Create working directory

Create a temporary working directory to make your package in. Follow the same naming convention we have seen before. For example:

  mkdir hello_1.0-1_arm64

Create internal structure

Put your program files where they should be installed to on the target system. For example, suppose you want your program to be installed to /usr/local/bin:

  mkdir -p hello_1.0-1_arm64/usr/local/bin

The -p flag to the mkdir command will create nested directories. Then copy the executable file in there:

  cp ~/YourProjects/Hello/hello hello_1.0-1_arm64/usr/local/bin

Create control file

The control file lives inside the DEBIAN directory. Mind the uppercase: a similar directory named debian (lowecase) is used to store source code for the so-called source packages. This tutorial is about binary packages, so we don't need it.
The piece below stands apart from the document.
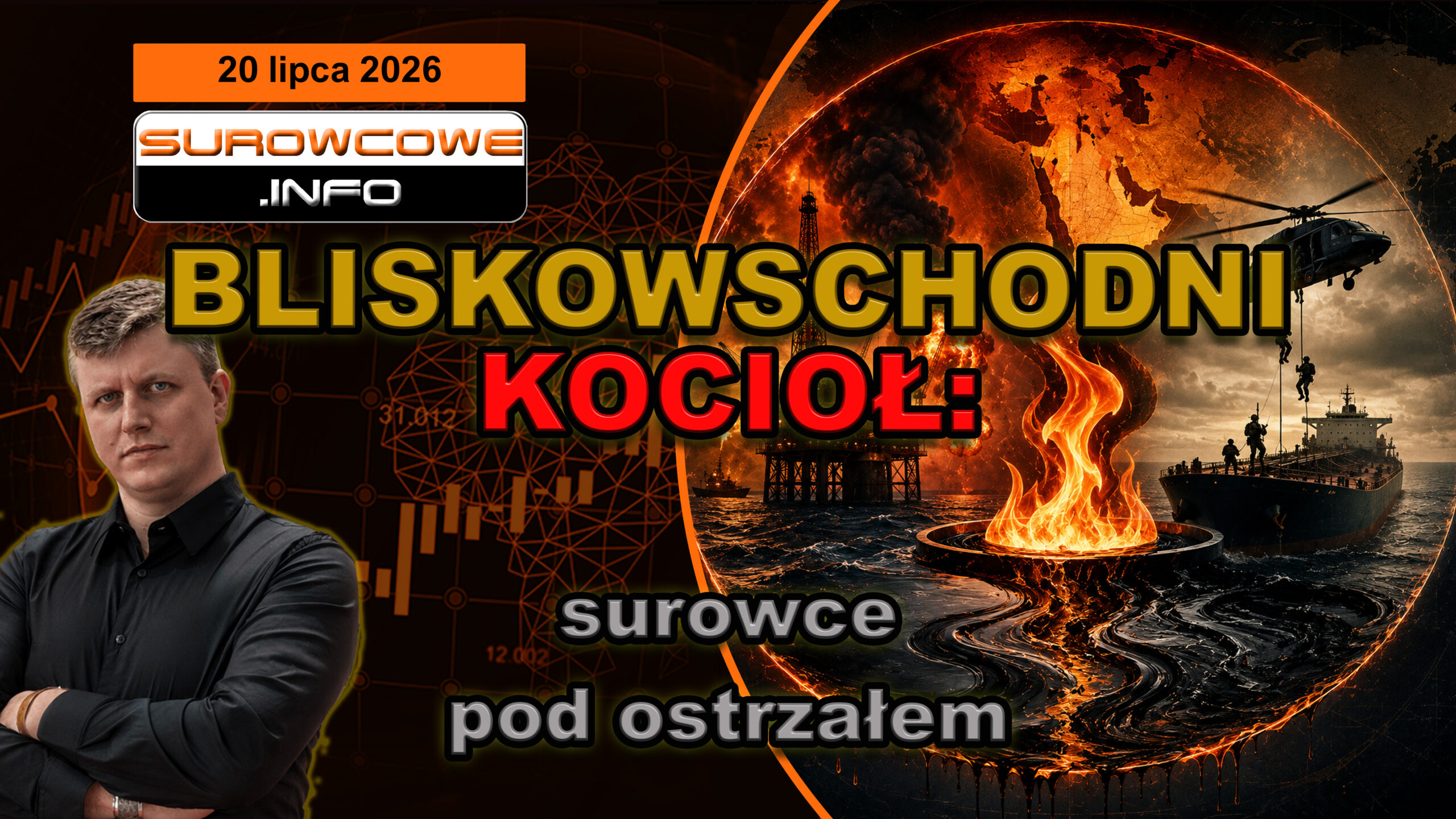 Bliskowschodni kocioł: ostrzały, abordaże i wycieki (aktualności surowcowe - 20 lipca 2026)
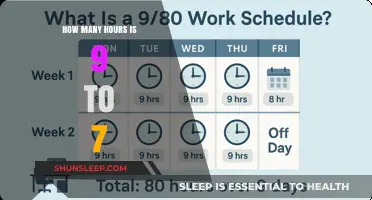 Understanding Work Hours: A Guide to the 9 to 7 Schedule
Let's create the DEBIAN folder first:

  mkdir helloworld_1.0-1_arm64/DEBIAN

And then create the empty control file:

  touch helloworld_1.0-1_arm64/DEBIAN/control

Fill in control file

Open the file previously created with your text editor of choice. The control file is just a list of data fields. For binary packages there is a minimum set of mandatory ones:

   Package – the name of your program;
   Version – the version of your program;
   Architecture – the target architecture;
   Maintainer – the name and the email address of the person in charge of the package maintenance;
   Description – a brief description of the program.

For example:

  Package: hello
  Version: 1.0
  Architecture: arm64
  Maintainer: Internal Pointers <info@internalpointers.com>
  Description: A program that greets you.
    You can add a longer description here. Mind the space at the beginning of this paragraph.

The control file may contain additional useful fields such as the section it belongs to or the dependency list. The latter is extremely important in case your program relies on external libraries to work correctly. You can fill it manually if you wish, but there are helper tools to ease the burden. I will show you how in the next few paragraphs.

Build .deb package

This is the last step. Invoke dpkg-deb as following:

  dpkg-deb --build --root-owner-group <package-dir>

So in our example:

  dpkg-deb --build --root-owner-group <helloworld_1.0-1_arm64>

The --root-owner-group flag makes all deb package content owned by the root user, which is the standard way to go. Without such flag, all files and folders would be owned by your user, which might not exist in the system the deb package would be installed to.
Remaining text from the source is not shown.